Sokka plays the role of comic relief and a serious voice of reason in equal measure, as usual. While he goofs off and sleuths about with his hat on, he also explains the inherent power imbalance between benders and non-benders.
Aang and Katara mostly do what they always do. Aang is fretting about how to balance the needs and desires of everyone around him. Katara…hangs around him and is supportive. I don’t think we can expect more from her at this point, sadly. Suki appears again and while she says little, her chi-blocking strikes fear into the villainous family.
Speaking of which… Liling seems a fairly by-the-numbers villain. She’s clever and willing to play to the heroes’ vulnerabilities and limitations. Such as their need to deal with her lawfully. She does seem to sincerely believe that benders are superior and deserve their privilege. She also seems to be a reactionary, wishing things would go back to the old, proper way. Her plan is… to sabotage non-benders’ businesses until they go bankrupt. It doesn’t feel like it merits the highly dramatic way in which she delivers it. It’s not a bad plan and has the advantage of simplicity. It just feels rather odd to have her make haughty proclamations only for the whole thing to boil down to “let’s break stuff”.
Yaling, her earthbending daughter, seems loyal to her and puts a lot of worth in her abilities. She’s distraught when Suki chi-blocks her and fears being made equal to a non-bender. This doesn’t sit well with Ru, who is a non-bender herself. Despite that, she works with people who resent non-benders having too much power and influence.
Obviously, we’re talking about her mother and sister, so she’s loyal to them. And yet, we can see doubt in her. She’s the weak spot in the villains’ chain of command and I’m curious to see what she’ll end up doing.

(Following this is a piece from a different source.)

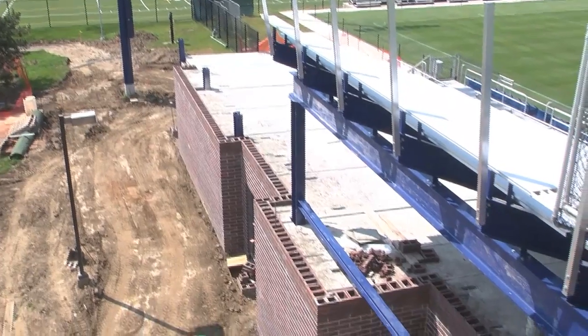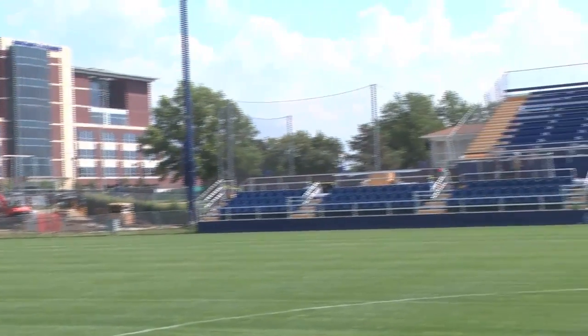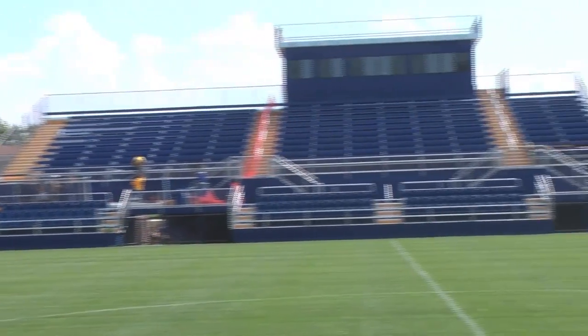So there you have it — there's your sneak peek at the facelift for First Energy Stadium, Cub Cadet Field, continuing what is already one of the finest soccer facilities in the country, to go along with some of the finest soccer played in the country as well. For GoZips.com, I'm Josh Harris.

If I were to describe this comic succinctly, I’d say it’s solid but not spectacular. Which, perhaps, is what it needs to be. Being overambitious has sunk an attempt to deal with this conflict before. Imbalance has so far given us a fairly straightforward villain who nonetheless relies on societal divisions in such a way that the heroes can’t simply throw her in jail and pat themselves on the back. And it looks like it will continue to challenge them from here on.